Barb told me about this idea on the phone and I thought it was pretty ingenius!! Hey...whatever works. And the good things is, if anyone with a bladeless vibrating device dies suddenly and their kids find it while cleaning the house out, they will just think "oh yeah...that is that thing Mom used to keep the dog from freaking out when she clipped her!!" and THAT is a good thing!!


----------



## WonderPup (Oct 26, 2008)

ArreauStandardPoodle said:


> Barb told me about this idea on the phone and I thought it was pretty ingenius!! Hey...whatever works. And the good things is, if anyone with a bladeless vibrating device dies suddenly and their kids find it while cleaning the house out, they will just think "oh yeah...that is that thing Mom used to keep the dog from freaking out when she clipped her!!" and THAT is a good thing!!


ROFL.... So what you're saying is my sister needs to get a poodle so she and her husband have an excuse? Lets just say she is very drawn to novelties of any kind and shops waaaayyyy to much.


----------



## plumcrazy (Sep 11, 2009)

WonderPup said:


> ROFL.... So what you're saying is my sister needs to get a poodle so she and her husband have an excuse? Lets just say she is very drawn to novelties of any kind and shops waaaayyyy to much.


YEAAAAAAAAHHHHHHHH.... That's the ticket!! :rofl: Poodles... good for all KINDS of things!


----------



## *heather* (Jul 30, 2009)

WonderPup said:


> ROFL.... So what you're saying is my sister needs to get a poodle so she and her husband have an excuse? Lets just say she is very drawn to novelties of any kind and shops waaaayyyy to much.


...and who exactly decides how much is too much? hehe :redface:


----------



## AprilAllYear (Nov 9, 2009)

Um ... about POODLES ... plumcrazy, your little Lucy-Bug Fancy Pants is adorable. Your ideas are also, but I'm not sure I'd want to multi-purpose all my gadgets, like, um, no can opener on poodle toenails, for example. Ahem.


----------



## plumcrazy (Sep 11, 2009)

AprilAllYear said:


> Um ... about POODLES ... plumcrazy, your little Lucy-Bug Fancy Pants is adorable. Your ideas are also, but I'm not sure I'd want to multi-purpose all my gadgets, like, um, no can opener on poodle toenails, for example. Ahem.


HAAAAAAAAAAAA!! Funny, April!!! That's why I tried to specify in an earlier post: "*It's a "LUCY ONLY" tool - not that I have any other kind!!!!!*"

It _could _be a multi-purpose gadget, but, uhhhh NO!! That'd be beyond icky! :wacko: 

I actually got the idea from my horse world.

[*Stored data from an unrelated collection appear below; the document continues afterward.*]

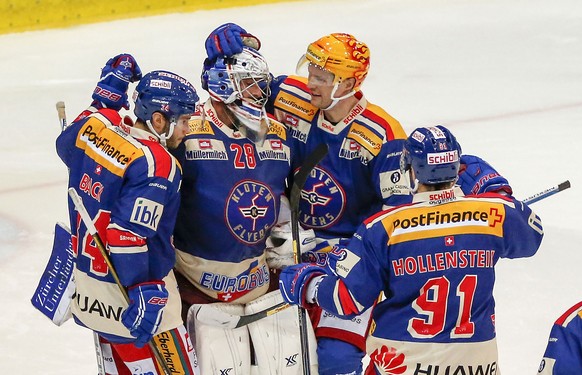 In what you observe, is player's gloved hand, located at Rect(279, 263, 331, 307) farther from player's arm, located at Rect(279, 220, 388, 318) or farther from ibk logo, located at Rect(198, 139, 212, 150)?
A: ibk logo, located at Rect(198, 139, 212, 150)

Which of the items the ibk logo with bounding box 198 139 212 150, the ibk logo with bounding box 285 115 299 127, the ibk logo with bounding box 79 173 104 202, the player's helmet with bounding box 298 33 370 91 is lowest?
the ibk logo with bounding box 79 173 104 202

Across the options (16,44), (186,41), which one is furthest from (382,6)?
(16,44)

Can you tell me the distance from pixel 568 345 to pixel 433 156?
27.3 inches

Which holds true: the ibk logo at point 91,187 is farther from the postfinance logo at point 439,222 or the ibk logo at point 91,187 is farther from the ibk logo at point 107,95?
the postfinance logo at point 439,222

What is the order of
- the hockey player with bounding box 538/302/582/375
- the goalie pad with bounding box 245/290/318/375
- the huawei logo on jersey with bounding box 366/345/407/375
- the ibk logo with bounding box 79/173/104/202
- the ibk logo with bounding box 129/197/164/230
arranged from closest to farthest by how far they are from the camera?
the hockey player with bounding box 538/302/582/375 → the huawei logo on jersey with bounding box 366/345/407/375 → the ibk logo with bounding box 129/197/164/230 → the ibk logo with bounding box 79/173/104/202 → the goalie pad with bounding box 245/290/318/375

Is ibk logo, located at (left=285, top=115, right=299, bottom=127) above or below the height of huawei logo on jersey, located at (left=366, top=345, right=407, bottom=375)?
above

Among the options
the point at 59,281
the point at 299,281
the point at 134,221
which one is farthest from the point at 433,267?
the point at 59,281

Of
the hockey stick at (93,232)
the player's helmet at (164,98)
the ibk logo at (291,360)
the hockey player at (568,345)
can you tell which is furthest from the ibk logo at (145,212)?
the hockey player at (568,345)

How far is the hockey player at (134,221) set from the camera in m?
2.88

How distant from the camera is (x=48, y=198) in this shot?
5520mm

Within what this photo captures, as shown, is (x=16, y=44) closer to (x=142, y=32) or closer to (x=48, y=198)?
(x=142, y=32)

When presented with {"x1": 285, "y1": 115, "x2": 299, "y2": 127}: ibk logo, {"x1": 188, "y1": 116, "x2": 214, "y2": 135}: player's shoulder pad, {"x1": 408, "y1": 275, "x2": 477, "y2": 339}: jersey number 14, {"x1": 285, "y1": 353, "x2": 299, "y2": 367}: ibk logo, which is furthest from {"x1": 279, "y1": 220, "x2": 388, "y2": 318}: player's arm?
{"x1": 285, "y1": 115, "x2": 299, "y2": 127}: ibk logo

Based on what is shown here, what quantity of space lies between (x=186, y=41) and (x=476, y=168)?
192 inches

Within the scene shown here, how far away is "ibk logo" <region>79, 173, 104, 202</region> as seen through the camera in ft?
9.71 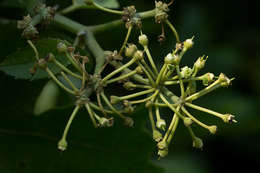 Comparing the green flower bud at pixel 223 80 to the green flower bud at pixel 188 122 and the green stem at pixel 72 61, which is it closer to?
the green flower bud at pixel 188 122

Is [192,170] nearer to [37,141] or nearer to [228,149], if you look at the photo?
[228,149]

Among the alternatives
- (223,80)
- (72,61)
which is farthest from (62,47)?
(223,80)

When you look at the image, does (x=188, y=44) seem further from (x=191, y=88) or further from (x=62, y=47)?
(x=62, y=47)

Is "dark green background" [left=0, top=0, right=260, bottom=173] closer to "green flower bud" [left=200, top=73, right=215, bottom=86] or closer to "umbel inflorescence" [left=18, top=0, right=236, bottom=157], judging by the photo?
"umbel inflorescence" [left=18, top=0, right=236, bottom=157]

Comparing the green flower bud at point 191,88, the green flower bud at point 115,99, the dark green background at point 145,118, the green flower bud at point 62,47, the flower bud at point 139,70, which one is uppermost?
the green flower bud at point 62,47

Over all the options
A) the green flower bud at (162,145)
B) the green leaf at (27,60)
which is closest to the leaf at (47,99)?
the green leaf at (27,60)

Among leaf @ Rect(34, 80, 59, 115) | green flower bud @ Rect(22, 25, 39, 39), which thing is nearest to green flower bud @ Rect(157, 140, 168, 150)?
green flower bud @ Rect(22, 25, 39, 39) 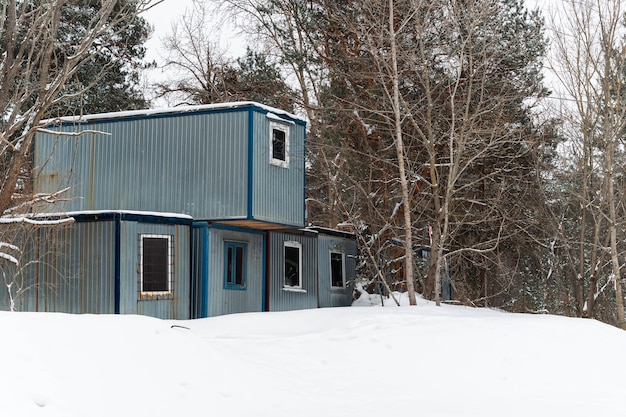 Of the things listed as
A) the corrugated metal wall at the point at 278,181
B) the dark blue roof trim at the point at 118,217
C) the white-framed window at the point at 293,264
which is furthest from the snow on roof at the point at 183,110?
the white-framed window at the point at 293,264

It's been suggested to get those personal back massagers you can pick up at Walmart, K-mart, etc to get the horses used to the clippers around their ears, face, elsewhere... The massagers I've seen that those stores are usually round balls or they have several protruding parts and they're pretty big... The _special tool_ I got to help me with Lucybug is a better shape and size for going between her toes and such... 

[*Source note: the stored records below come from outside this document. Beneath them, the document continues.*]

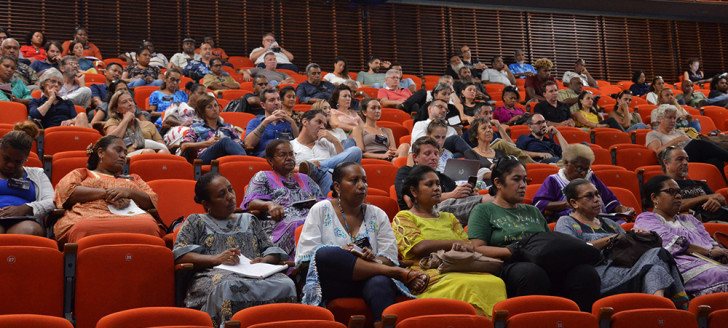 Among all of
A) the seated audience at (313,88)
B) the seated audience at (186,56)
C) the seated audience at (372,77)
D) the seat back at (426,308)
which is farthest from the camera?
the seated audience at (372,77)

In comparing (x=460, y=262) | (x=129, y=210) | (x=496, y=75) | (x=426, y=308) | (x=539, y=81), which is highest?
(x=496, y=75)

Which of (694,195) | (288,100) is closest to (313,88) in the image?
(288,100)

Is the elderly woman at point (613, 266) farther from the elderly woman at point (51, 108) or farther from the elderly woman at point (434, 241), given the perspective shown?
the elderly woman at point (51, 108)

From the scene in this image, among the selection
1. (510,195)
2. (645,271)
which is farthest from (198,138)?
(645,271)

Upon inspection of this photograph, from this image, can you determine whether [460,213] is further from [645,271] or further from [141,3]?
[141,3]

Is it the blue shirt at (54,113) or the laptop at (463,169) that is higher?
the blue shirt at (54,113)

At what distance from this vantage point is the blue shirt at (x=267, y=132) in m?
5.08

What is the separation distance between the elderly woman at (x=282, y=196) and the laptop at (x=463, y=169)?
81 cm

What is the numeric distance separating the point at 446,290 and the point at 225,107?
3.85 metres

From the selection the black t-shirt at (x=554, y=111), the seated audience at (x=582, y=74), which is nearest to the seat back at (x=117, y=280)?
the black t-shirt at (x=554, y=111)

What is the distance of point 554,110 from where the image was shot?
6906 mm

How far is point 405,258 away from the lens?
129 inches

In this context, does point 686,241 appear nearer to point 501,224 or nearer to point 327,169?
point 501,224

Oh boy... it just gets worser and worser... :embarrassed: All I can say is that it seems to work for the purpose it was intended and Lucy likes her massages!!  Thanks for the compliment about my little Lucybug, too! We believe she's a beauty, but we may be a little biased...


----------



## WonderPup (Oct 26, 2008)

Hehehe... you should see her closet heather. Whats worse is there is a company that is the riske' equal to mary kay and she has her own little passions party business. I'd say she's her own best customer. 

Maybe I'll send her this thread hahaha. She isn't a dog person though, cats all the way for her and they are pretty much just pets to her, not family members like our beloved poodles.


----------



## Evik (Sep 2, 2009)

plumcrazy said:


> I actually got the idea from my horse world. It's been suggested to get those personal back massagers you can pick up at Walmart, K-mart, etc to get the horses used to the clippers around their ears, face, elsewhere... The massagers I've seen that those stores are usually round balls or they have several protruding parts and they're pretty big... The _special tool_ I got to help me with Lucybug is a better shape and size for going between her toes and such...


:smile-big::smile-big::smile-big: You made me laugh so hard. I think I will go to the Walmart to buy one to get ready for my future poodle :smile-big:


----------



## plumcrazy (Sep 11, 2009)

You can buy the horse ones at Walmart... I got my poodle one at the "Adult Bookstore"! Geeeeez... I can't believe how much you guys are learning about me (and I'm not really LIKE that!!)


----------



## WonderPup (Oct 26, 2008)

rofl, no worries I let something slip a few months back about how I convinced hubby to get me a second poodle.  Then one of the first replies to my look she home post was kind of along the lines of, "ok now go give hubby hs reward"


----------